*What the task requires*:
Having read the data, transcribe all of it without deviation.

━━ Data shown

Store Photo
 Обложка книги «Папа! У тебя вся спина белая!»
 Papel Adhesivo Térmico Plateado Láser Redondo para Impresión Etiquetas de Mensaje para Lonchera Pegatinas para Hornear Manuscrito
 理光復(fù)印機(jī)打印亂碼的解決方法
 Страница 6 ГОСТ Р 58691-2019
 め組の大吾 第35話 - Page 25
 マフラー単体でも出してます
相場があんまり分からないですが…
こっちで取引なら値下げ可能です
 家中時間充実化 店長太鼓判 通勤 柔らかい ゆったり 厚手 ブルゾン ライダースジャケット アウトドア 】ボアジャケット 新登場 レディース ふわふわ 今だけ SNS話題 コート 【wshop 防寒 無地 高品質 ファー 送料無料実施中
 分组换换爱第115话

━━━━

*Solution*:
Store Photo
 Обложка книги «Папа! У тебя вся спина белая!»
 Papel Adhesivo Térmico Plateado Láser Redondo para Impresión Etiquetas de Mensaje para Lonchera Pegatinas para Hornear Manuscrito
 理光復(fù)印機(jī)打印亂碼的解決方法
 Страница 6 ГОСТ Р 58691-2019
 め組の大吾 第35話 - Page 25
 マフラー単体でも出してます
相場があんまり分からないですが…
こっちで取引なら値下げ可能です
 家中時間充実化 店長太鼓判 通勤 柔らかい ゆったり 厚手 ブルゾン ライダースジャケット アウトドア 】ボアジャケット 新登場 レディース ふわふわ 今だけ SNS話題 コート 【wshop 防寒 無地 高品質 ファー 送料無料実施中
 分组换换爱第115话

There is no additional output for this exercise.